Cardiopathies spécifiques de la grossesse. Typiquement, il s’agit de la cardiomyopathie du péripartum (CMPP) et de la pré-éclampsie. a) La CMPP, naguère appelée syndrome de Meadows, est une cardiomyopathie dilatée (CMD) telle que décrite dans les Dépêches de Brazzaville (3425 : 24-, 2019) et qui requiert un régime sans sel et un traitement digitalo-diurétique. En voici les particularités : survenue au cours de la grossesse dans les deux mois précédant le terme et jusqu’à six mois après l’accouchement ; femme jeune, multipare, plus fréquemment africaine, sans cardiopathie préexistante, développant une insuffisance cardiaque globale d’évolution généralement favorable sous traitement mais pouvant être létale et à haut risque de récidive au cours d’une nouvelle grossesse. b) La pré-éclampsie (ou toxémie gravidique). En voici l’essentiel : prévalence à 6% de femmes enceintes, HTA ≥ 140/80 mmHg survenue au-delà de 20 SA d’aménorrhée avec protéinurie ≥ 300mg/24 heures, âge ≤ 40 ans ; facteurs de risquefréquents (race noire, obésité, première grossesse ou grossesse gémellaire, antécédents familiaux ou personnels de pré-éclampsie), symptômes d’alerte devant conduire au spécialiste, à type de gonflement important ou rapide des jambes, bouffissure du visage et des mains, prise de poids rapide, essoufflement, céphalées, troubles digestifs avec douleurs abdominales, etc. Possibilité de complications graves, à détecter tôt pour sauver la mère et l’enfant, à savoir, pour la mère : décollement placentaire, atteintes rénale, hépatique, pulmonaire, cardiovasculaire, AVC, convulsions (éclampsie), troubles de l’hémostase avec hémorragies majeures, décès ; pour l’enfant : retard de croissance intra-utérin, naissance prématurée, faible poids de naissance, décès ou risque accru de cardiopathies plus tard.
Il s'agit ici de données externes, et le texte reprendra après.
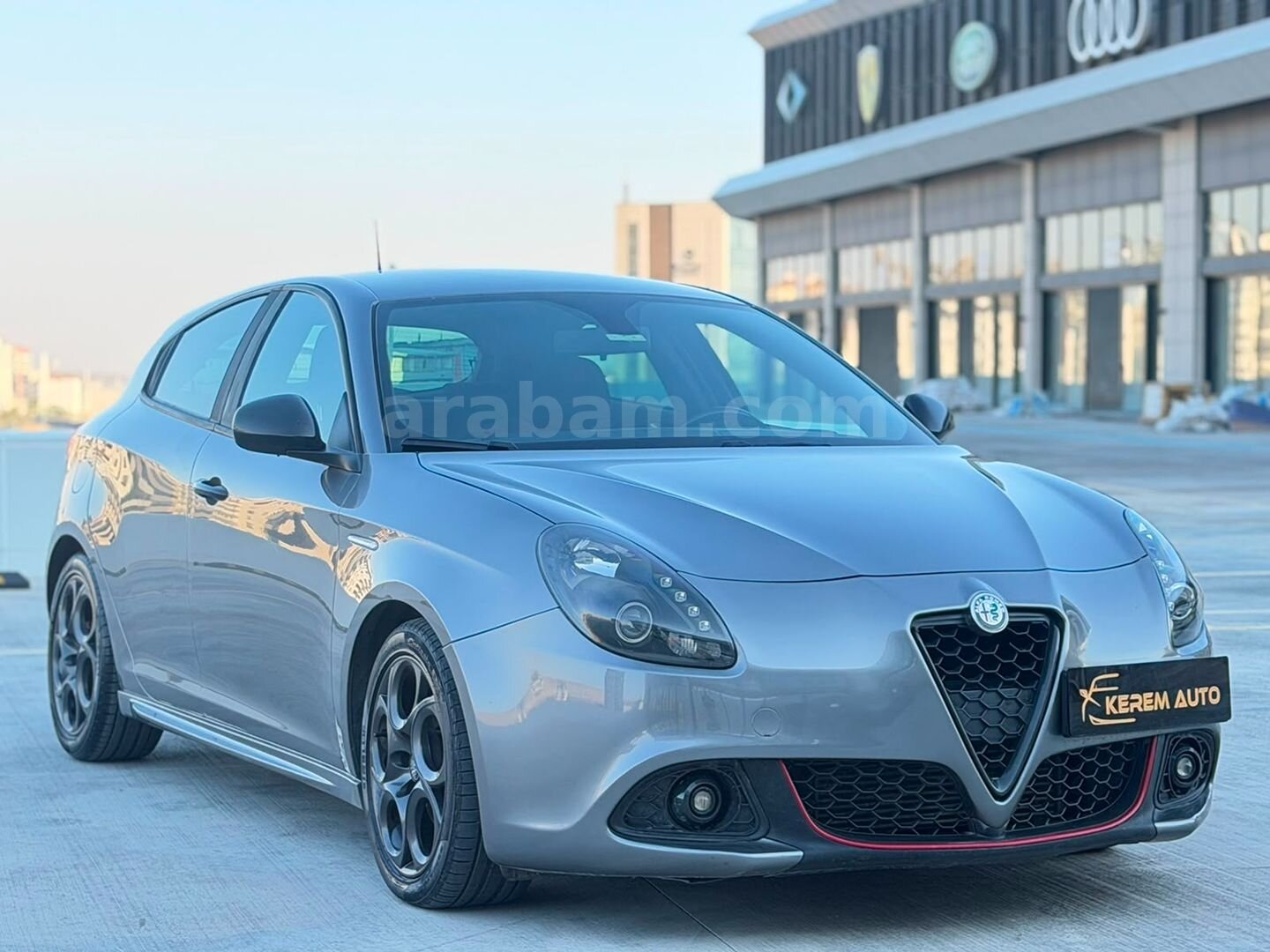 Galeriden Alfa Romeo Giulietta 1.6 JTD Super TCT 2020 Model Gaziantep 132.000 km Gri 3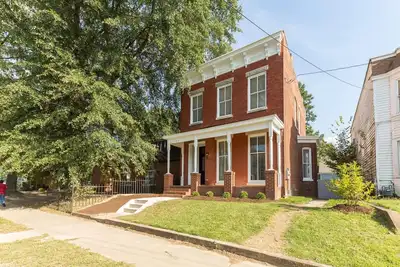 Image de Southern Mansion: Block From Cafe, Brewpub, Donuts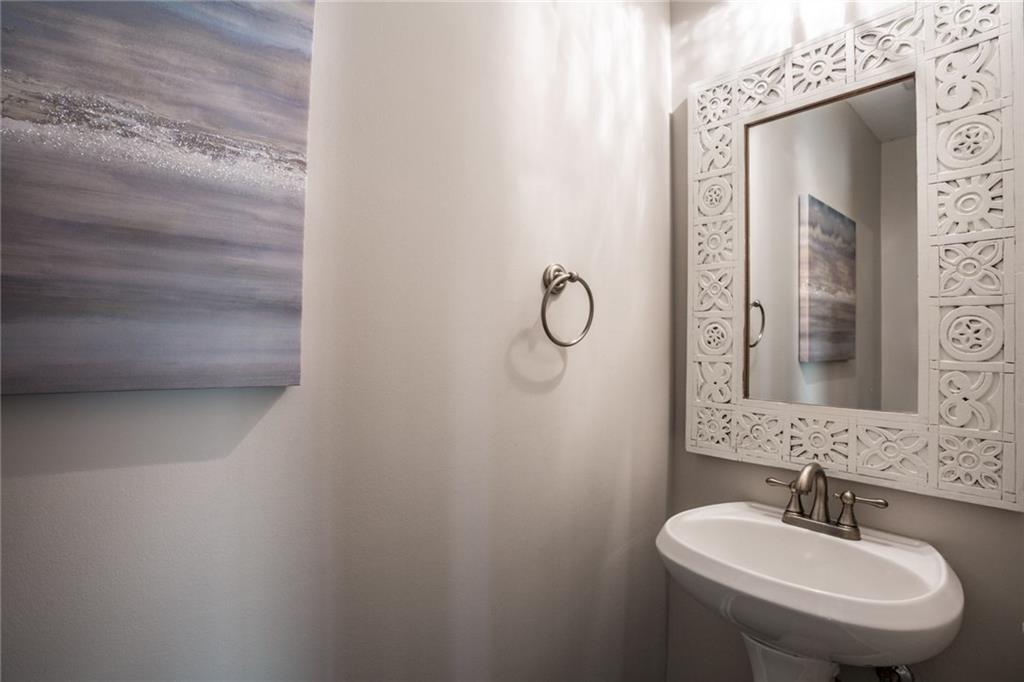8939 Wickham Road Indianapolis, IN 46260 - Photo 24 of 41 Gallery Image 24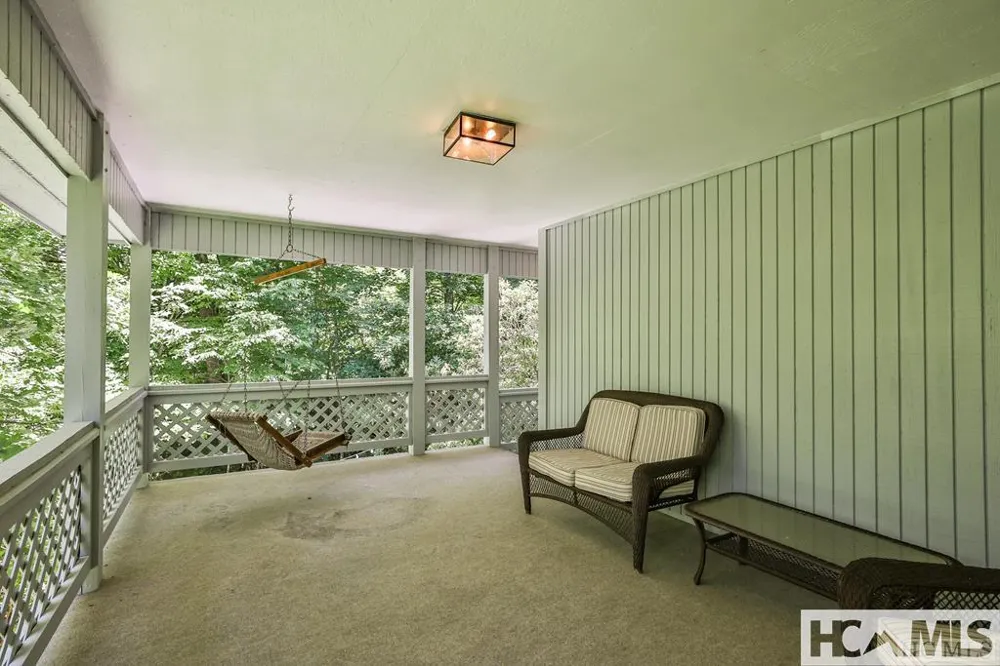 245 Locust Court Sapphire, NC 28774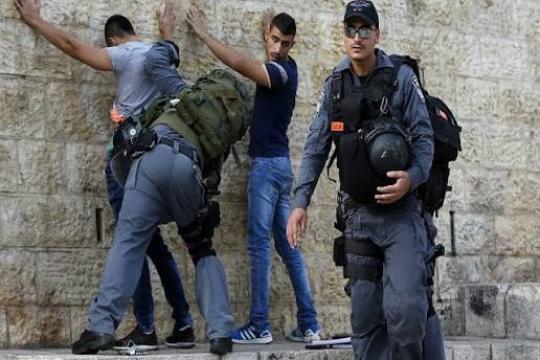 قوات الاحتلال تشن حملة دهم واعتقالات بالضفة والقدس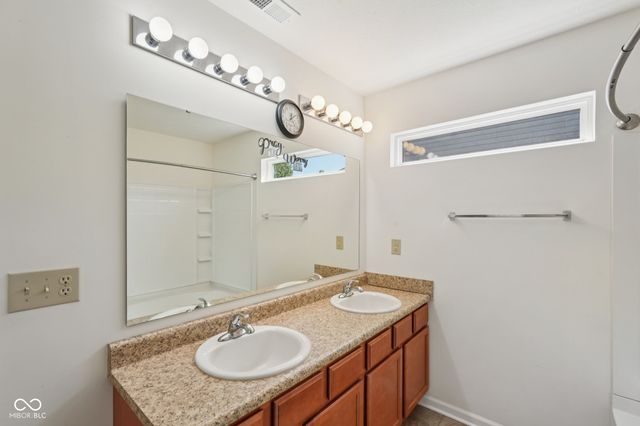 2204 Cherrybark Court, Shelbyville, IN 46176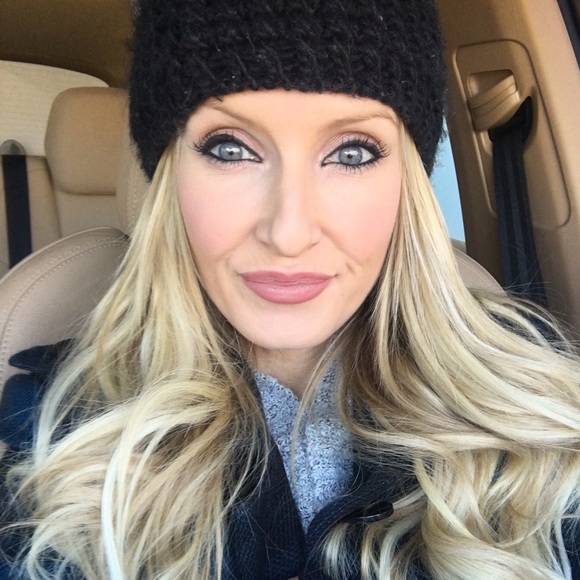 Carly Olgine - Poshmark Profile Picture of Carly Olgine (@csolgine) on Poshmark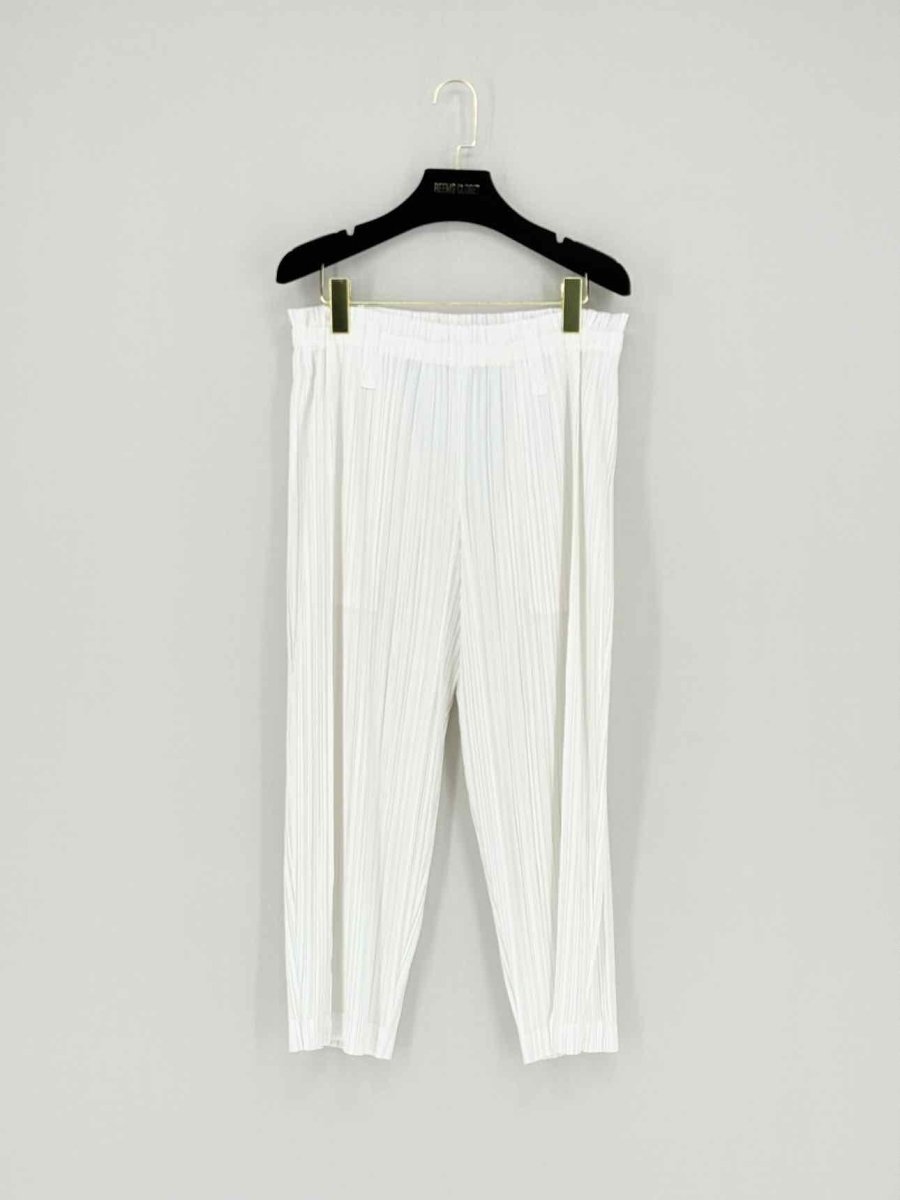 Pre - loved PLEATS PLEASE ISSEY MIYAKE Off - white Size US 4 Pants at Reems Closet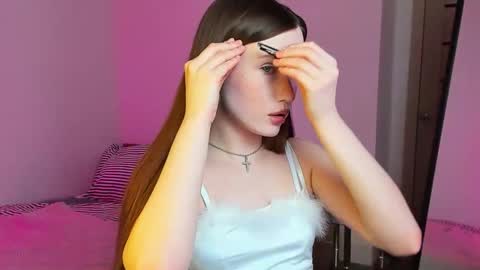 stella_sunny online show from 10.22.25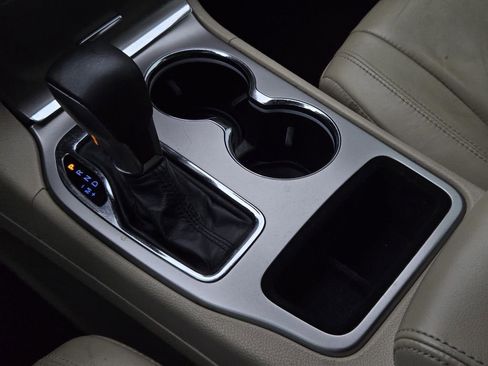 Used 2018 Jeep Grand Cherokee Limited RWD image 23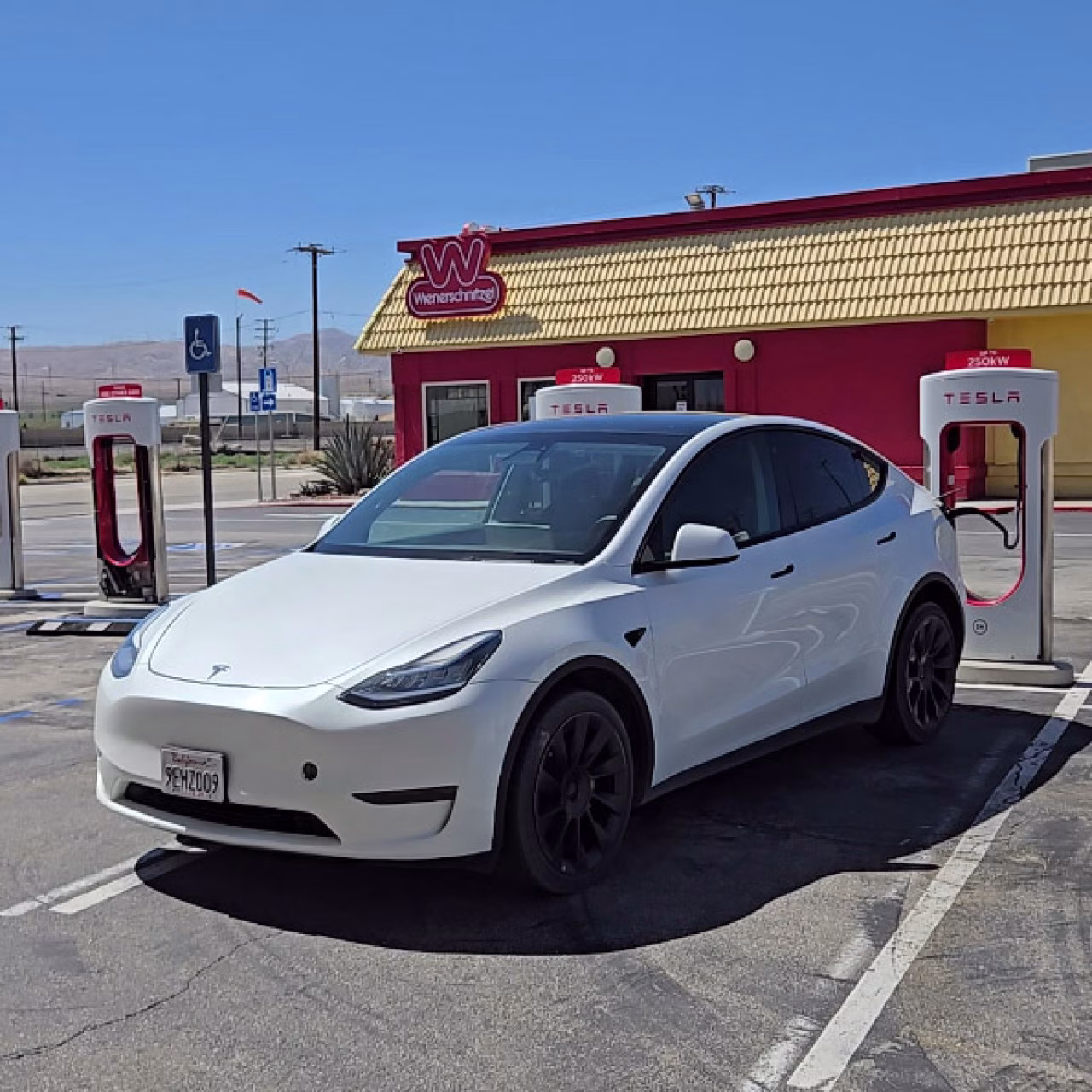 租車奇遇記 (3) - Tesla Model Y,  美國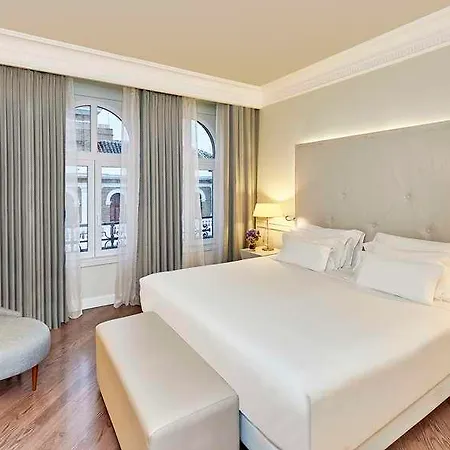 Nh Collection Gran De Hotel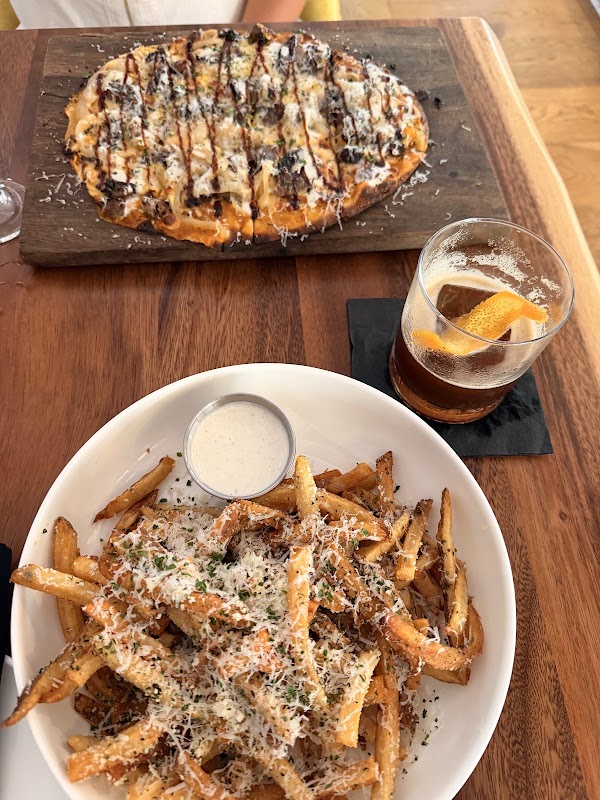 Bosc Modern Bar + Kitchen 5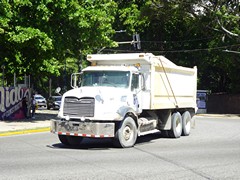 Mack Vision 6x4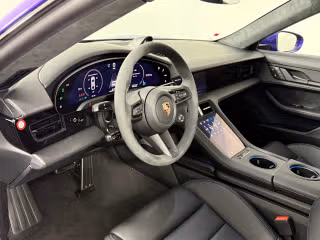 2026 Porsche Taycan GTS - Photo 25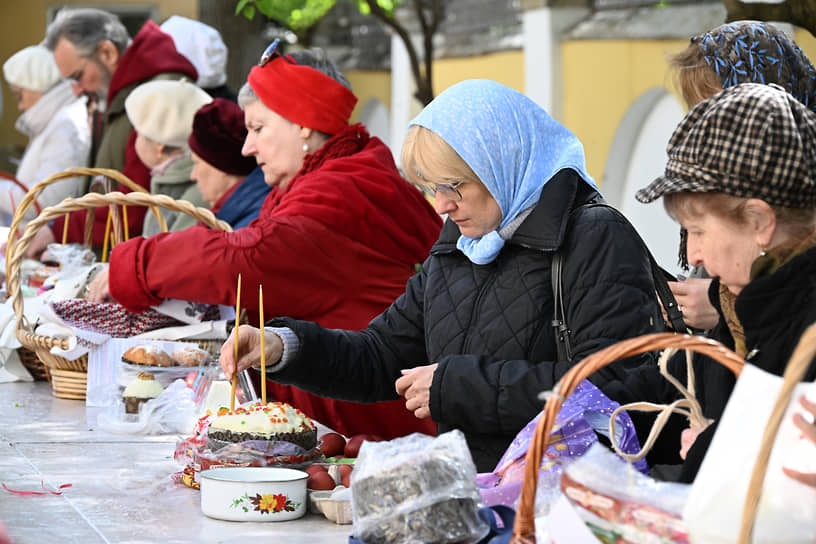 Освящение куличей в храме Рождества Иоанна Предтечи на Пресне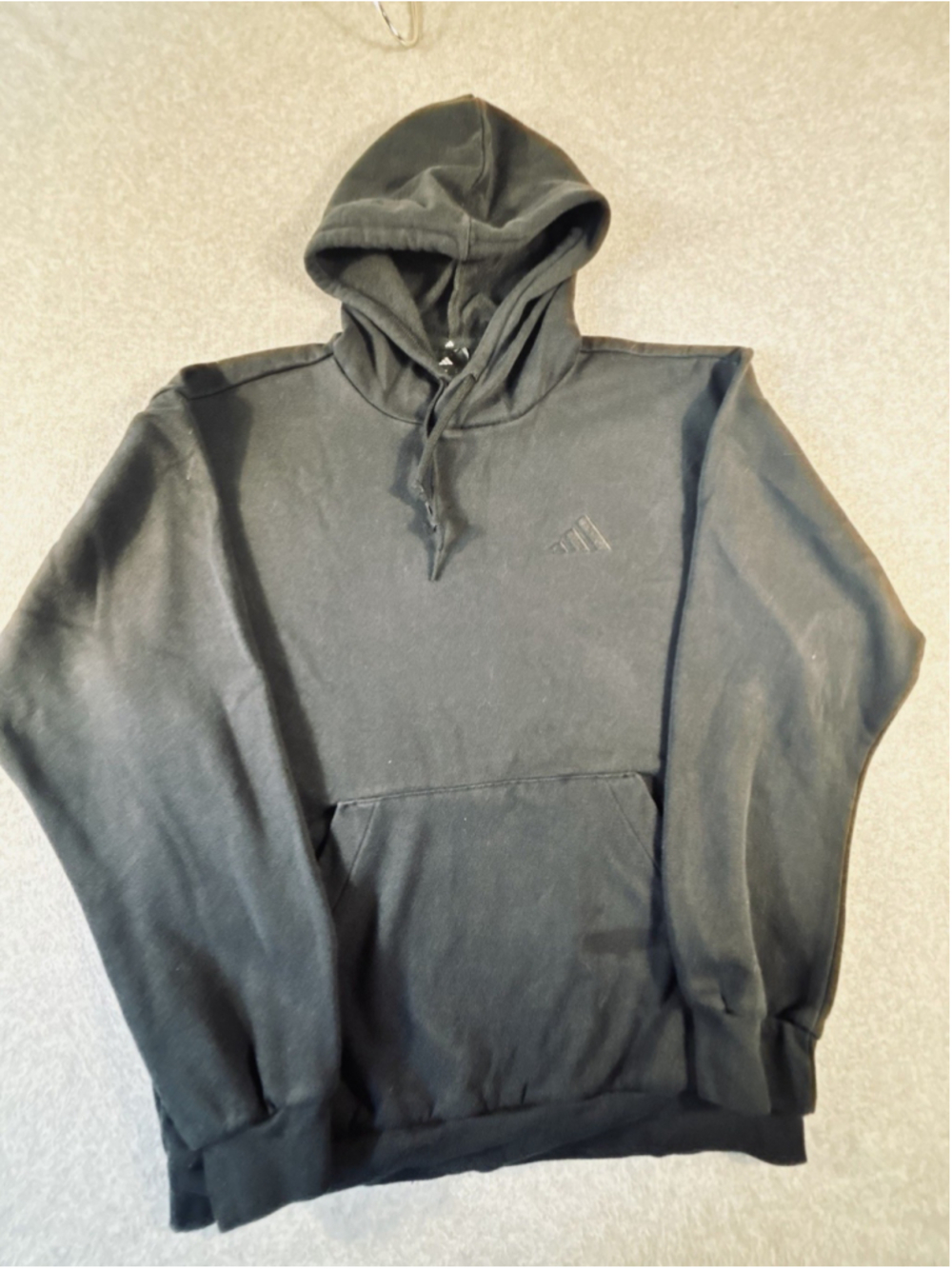 Adidas Essentials Fleece Hoodie Men’s Small Black Tonal Logo JY9069 Pullover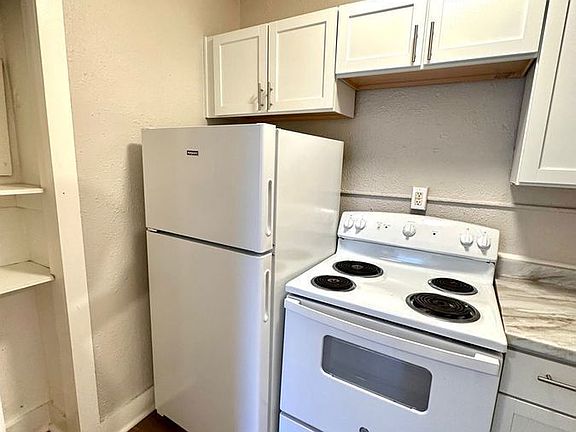 5th image of 438 N 18th St APT 9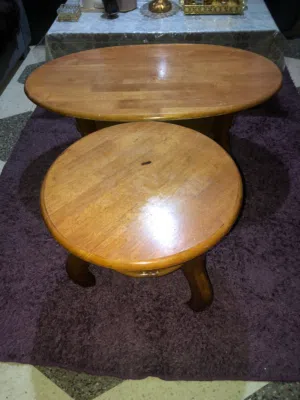 طقم طاولات خشب زان عدد 2  بحالة جيدة للبيع بسعر مناسب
Au total, la grossesse peut, d’une part, générer deux cardiopathies spécifiques graves à type de cardiomyopathie du péripartum et d’HTA avec albuminurie (pré éclampsie/éclampsie), d’autre part aggraver une cardiopathie ou une HTA préexistante. Ces situations doivent être détectées précocement par le médecin traitant et confiées aux spécialistes concernés afin de préserver la vie de la mère et de l’enfant et de leur éviter des complications dans le futur.